Corpus length in characters: 600893


In [10]:
# View what Nietzsche's writings are like

print(text[:400])  # first 600 of 600k characters

preface


supposing that truth is a woman--what then? is there not ground
for suspecting that all philosophers, in so far as they have been
dogmatists, have failed to understand women--that the terrible
seriousness and clumsy importunity with which they have usually paid
their addresses to truth, have been unskilled and unseemly methods for
winning a woman? certainly she has never allowed herself 


Can one learn about Nietzsche from his writings above: (i) writing style? (ii) propensity to use large words? (iii) clarity vs opaqueness, complexity vs simplicity etc in prose? 

Q is when we *generate* text, will machine learn and reproduce in generated text reflect these linguistic styles?
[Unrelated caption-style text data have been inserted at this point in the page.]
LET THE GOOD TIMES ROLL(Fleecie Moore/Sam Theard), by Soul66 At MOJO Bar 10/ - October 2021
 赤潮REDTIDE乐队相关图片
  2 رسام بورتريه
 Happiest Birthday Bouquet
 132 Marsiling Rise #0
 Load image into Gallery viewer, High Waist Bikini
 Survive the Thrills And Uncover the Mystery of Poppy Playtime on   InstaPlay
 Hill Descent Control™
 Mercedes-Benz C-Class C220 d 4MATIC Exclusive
### Preparing Data for an RNN

OK. Back to more mundane things. Recall that RNNs take inputs as *sequences* which will have some length. 

Next steps, we will: 

(i) extract partially-overlapping sequences of length `maxlen` (say, 60 chars), <p>
(ii) one-hot encode them and <p>
(iii) pack them in a 3D Numpy array `x` of shape (`sequences, maxlen, unique_characters`). <p>
(iv) Simultaneously, we prepare a array `y` containing the corresponding targets: the one-hot encoded characters that come right after each extracted sequence.<p>

In [11]:
# Length of extracted character sequences
maxlen = 60

# We sample a new sequence every `step` characters
step = 3

# This holds our extracted sequences
sentences = []

# This holds the targets (the follow-up characters)
next_chars = []

start = time.time()

for i in range(0, len(text) - maxlen, step):
    sentences.append(text[i: i + maxlen])
    next_chars.append(text[i + maxlen])
print('Number of sequences:', len(sentences), "\n")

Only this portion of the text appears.